Wskazuje też na niewłaściwe zabezpieczenie przed upadkiem z wysokości poszkodowanego pracownika, który zajmował się kuciem daszka przy użyciu młota pneumatycznego oraz brak skutecznego nadzoru nad pracownikami i tolerowanie odstępstw od przepisów i zasad BHP.
– Na placu budowy nie był obecny kierownik budowy – wskazuje Dębski. – Z osób kierujących pracownikami było obecnych trzech inżynierów budowy, którzy nie posiadają uprawnień budowlanych i nie odbyli szkoleń BHP.
Pomimo tego wydawali dyspozycje pracownikom. – Młody wiek i w zasadzie żaden staż pracowniczy poszkodowanych skłania do wniosku, że nie zdawali oni sobie sprawy z zagrożeń występujących na placu budowy, a podejmując się wykonywania powierzonych im obowiązków pracowniczych nie przewidywali skutków swoich działań – dodaje Wojciech Dębski.
Według niego, powierzenie samodzielnej pracy młodzieńcowi zajmującemu się kuciem betonu było rażąco nieodpowiedzialne.
Inspekcja Pracy przekazała swoje ustalenia śledczym. – Czekamy jeszcze na opinie z Zakładu Medycyny Sądowej oraz biegłych z zakresu budownictwa – mówi Stanisław Stachel, wiceszef Prokuratury Rejonowej w Zakopanem, która prowadzi śledztwo.

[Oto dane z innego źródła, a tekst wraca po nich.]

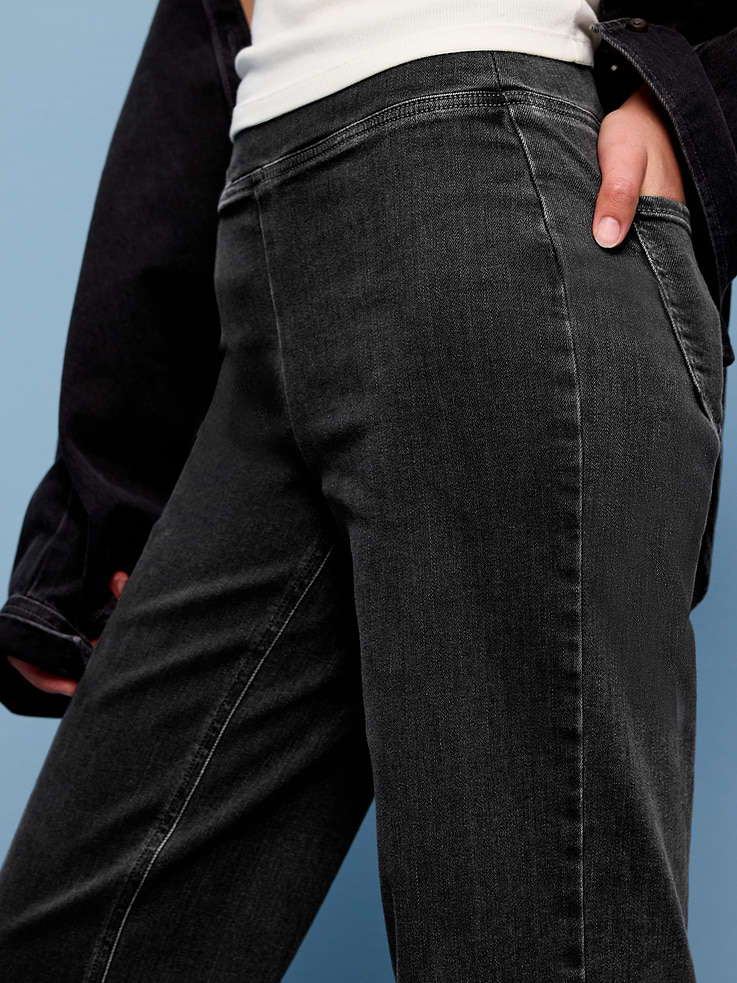 Image number 5 showing, High-Waisted Weekender Pull-On Crop Wide-Leg Jeans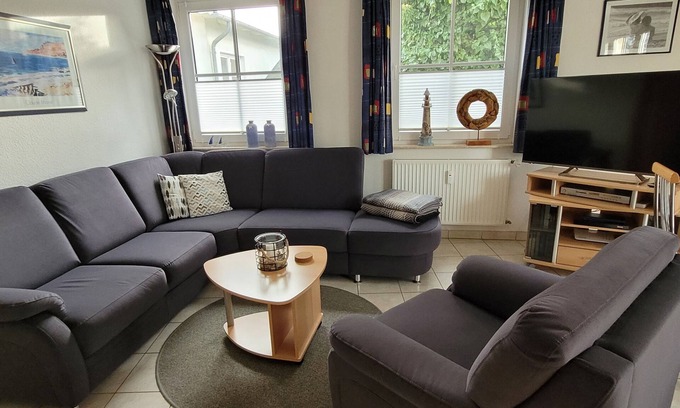 Zingst Apartment | In the heart of Zingst High-quality furnishing w/sophisticated comforts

Na razie nikomu nie postawiono zarzutu. Do tragedii doszło 13 lipca podczas demontażu żelbetonowego daszku w Centralnym Ośrodku Sportu w Zakopanem.
Ciężka konstrukcja oberwała się i runęła z wysokości 10 m na ziemię, przygniatając pracowników. Na placu budowy zginęli 21-i 23-letni bracia z Białowoli oraz 18-latek z Cześnik.
Z ranami tłuczonymi wyszedł z opresji 19-latek. Wszyscy pracowali od kilku dni w stołecznej firmie, która wygrała przetarg na modernizację hotelu.